Question

If \( 8 = 3 + \frac{1}{4}(3 + p) + \frac{1}{4^2}(3 + 2p) + \frac{1}{4^3}(3 + 3p) + \ldots \infty \), then the value of \( p \) is ______.

Answer 1

Correct Answer: 9

To solve \(8 = 3 + \frac{1}{4}(3 + p) + \frac{1}{4^2}(3 + 2p) + \frac{1}{4^3}(3 + 3p) + \ldots\), we recognize a geometric series involving the common ratio \( \frac{1}{4} \). Let the series be \( S \), where \( S = 3 + \sum_{n=1}^{\infty} \frac{1}{4^n}(3+np) \).

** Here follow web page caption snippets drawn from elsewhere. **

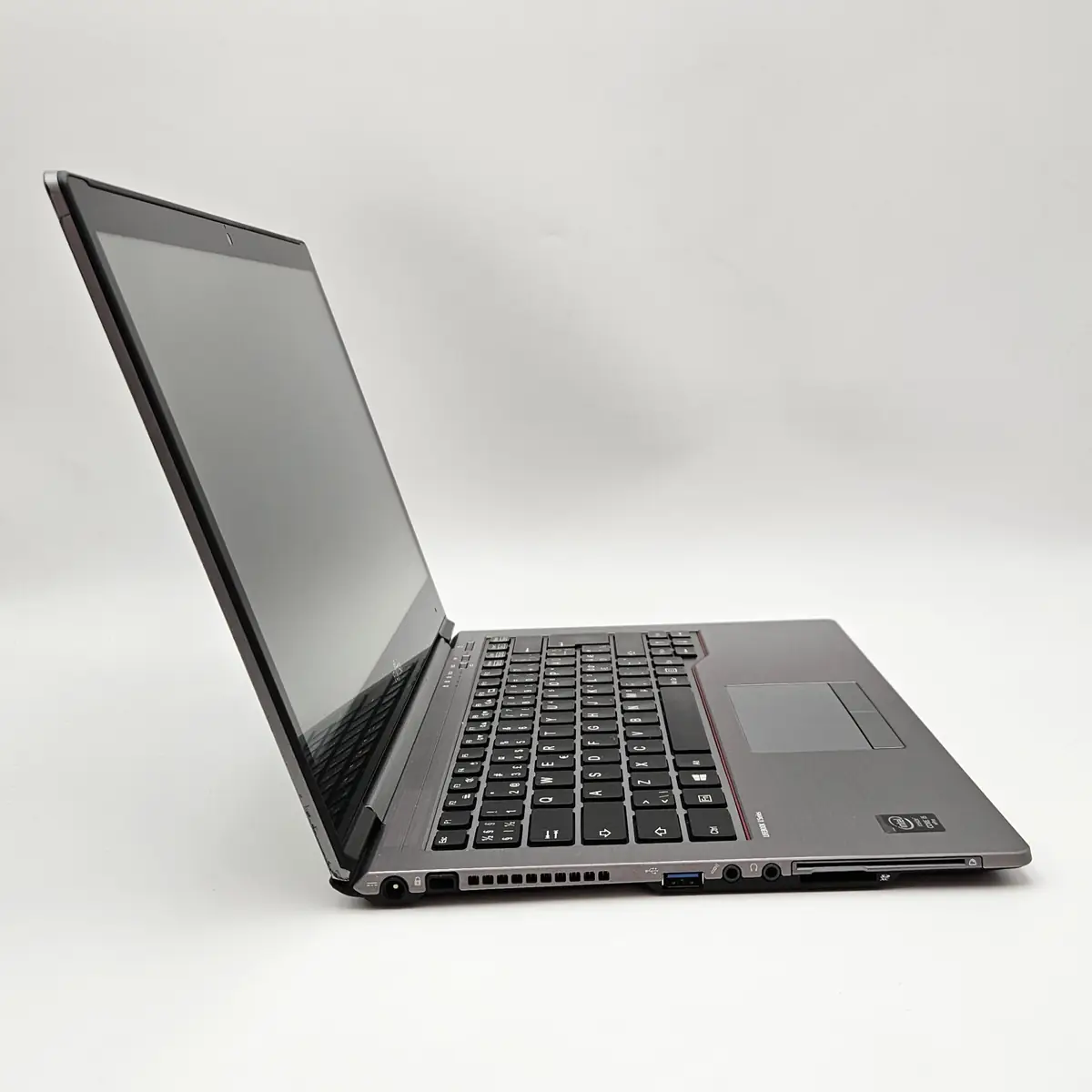 Laptop Second Hand FUJITSU Lifebook U745 - 14inch TOUCH Intel I5-5200U 8GB RAM 256GB SSD Windows 10 Refurbished  [6]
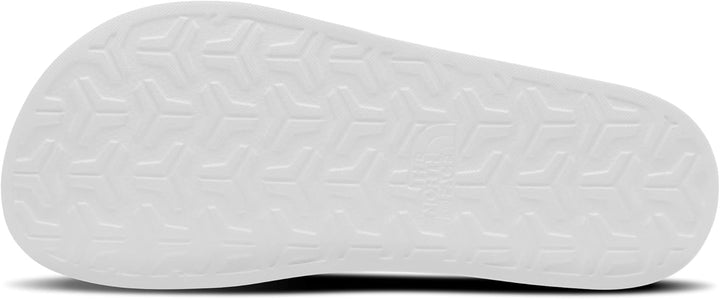 THE NORTH FACE Herren M Bc Slide Ii Dusch-& Badeschuhe, Tnf White Tnf Black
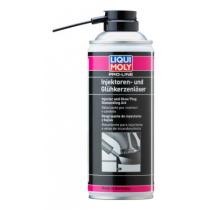 Liqui Moly 3379 - AFLOJA INYECTORES Y BUJIAS PRO-LINE 400 ML.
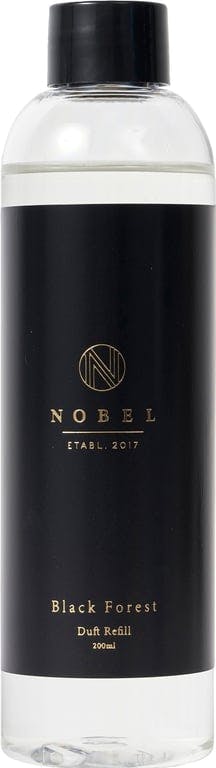 $Bilde av Nobel duftpinner refill (200ml)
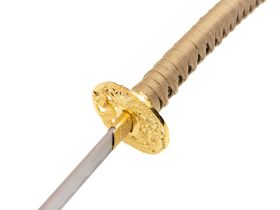 Катана сувенирная, 1034 мм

We split it into two separate series: \[ S = 3 + \sum_{n=1}^{\infty} \frac{3}{4^n} + \sum_{n=1}^{\infty} \frac{np}{4^n} \] The first series is geometric with first term \( a = \frac{3}{4} \) and common ratio \( r = \frac{1}{4} \). The sum of this infinite geometric series is: \[ \sum_{n=1}^{\infty} \frac{3}{4^n} = \frac{\frac{3}{4}}{1 - \frac{1}{4}} = \frac{3}{4} \times \frac{4}{3} = 1 \] The second series is an arithmetico-geometric series. Its sum can be found using the formula: \[ \sum_{n=1}^{\infty} \frac{n}{r^n} = \frac{r}{(1-r)^2} \text{, for } x = \frac{1}{4} \] Plugging in, we get: \[ \sum_{n=1}^{\infty} \frac{np}{4^n} = \frac{\frac{1}{4}}{(1 - \frac{1}{4})^2} \times p = \frac{\frac{1}{4}}{\frac{9}{16}} \times p = \frac{4}{9}p \] Substituting back into the equation, the series sum becomes: \[ S = 3 + 1 + \frac{4}{9}p = 8 \] Simplifying gives us: \[ 4 + \frac{4}{9}p = 8 \] \[ \frac{4}{9}p = 4 \] \[ p = 9 \] Thus, the value of \( p \) is 9. This value falls within the given range \([9,9]\), confirming our solution is correct. 

Answer 2

Given series:
\(8=3+\dfrac{1}{4}(3+p)+\dfrac{1}{4^2}(3+2p)+\dfrac{1}{4^3}(3+3p)+\ldots\)
This is an arithmetic-geometric progression (A.G.P). Using the sum formula for an infinite
A. G. P. ,  we have:
\(\text{Sum}=\frac{a}{1-r}+\frac{d\cdot r}{(1-r)^2}\)
Solving for \(p:\)
\(\dfrac{4p}{9}=4\Rightarrow p=9\)